Venezia, 11 novembre 2019- « Ci aspettiamo tutti, i veneti in primis, che dai piani alti del Viminale arrivino precise, chiare e soprattutto valide spiegazioni di quanto accaduto ieri allo Stadio Euganeo. Vietare l’ingresso della bandiera di San Marco allo stadio profuma di gravissimo atto di repressione, mascherato da innocuo provvedimento. A questo punto, il fatto si somma a quanto sta non-avvenendo con l’Autonomia. Potrei pensare che a Roma l’Autonomia e le capacità del popolo veneto facciano paura e non poca».

Usa queste parole Fabrizio Boron, consigliere regionale della Lista Zaia, per commentare quanto accaduto poco prima della partita Padova-Sudtirol di ieri, quando è stato vietato ad un ragazzo di 14 anni di portare all’interno dello Stadio Euganeo la bandiera raffigurante il vessillo di San Marco.

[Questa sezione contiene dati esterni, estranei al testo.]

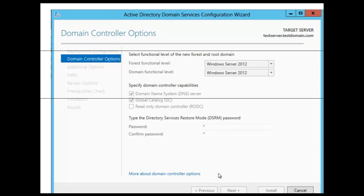In your required reading, you are provided with a table that shows all the features that are available at each domain functional level and each forest functional level. In order to raise the domain or forest functional level, you must be a member of the domain admin group if you are going to be raising the domain functional level, and if you are going to raise the forest functional level, you have to be a member of the enterprise admin group.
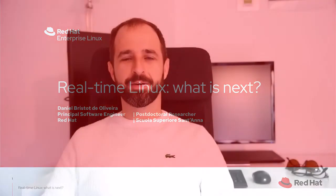Hello, I'm Daniel. I'm a principal software engineer at Red Hat and a postdoctoral researcher at the Scuola Superiore Sant'Anna. In both cases I work with real-time systems, but at Red Hat I work from a more practical perspective and at the university from a more theoretical perspective. Today we'll talk about the joint of these two things in the real-time Linux context, discussing the state of the art and where we should go in the future.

«Devono anche spiegarci con quale criterio possa essere stata considerata pericolosa l’esposizione della bandiera veneta, durante una partita come quella di ieri. Dato che si parla addirittura di tavoli settimanali per la sicurezza e l’ordine pubblico, riuniti ad hoc per stabilire quali bandiere e striscioni possono entrare alle varie manifestazioni sportive. E poi, infine, ci devono anche dire come giustificano invece tutta la violenza verbale e fisica che viene perpetrata e reiterata ad ogni partita, dentro e fuori dagli stadi».

Boron chiude poi con un ringraziamento: «Da Veneto e da consigliere regionale veneto ringrazio tutti i tifosi padovani che ieri in curva hanno posto opposizione a questa decisione esponendo nel loro piccolo una bandiera “col Leone” rimasta dissequestrata; gesto tutt’altro che violento e sovversivo, ma segno invece di cultura ed identità, che per i veneti significa rispetto e pace».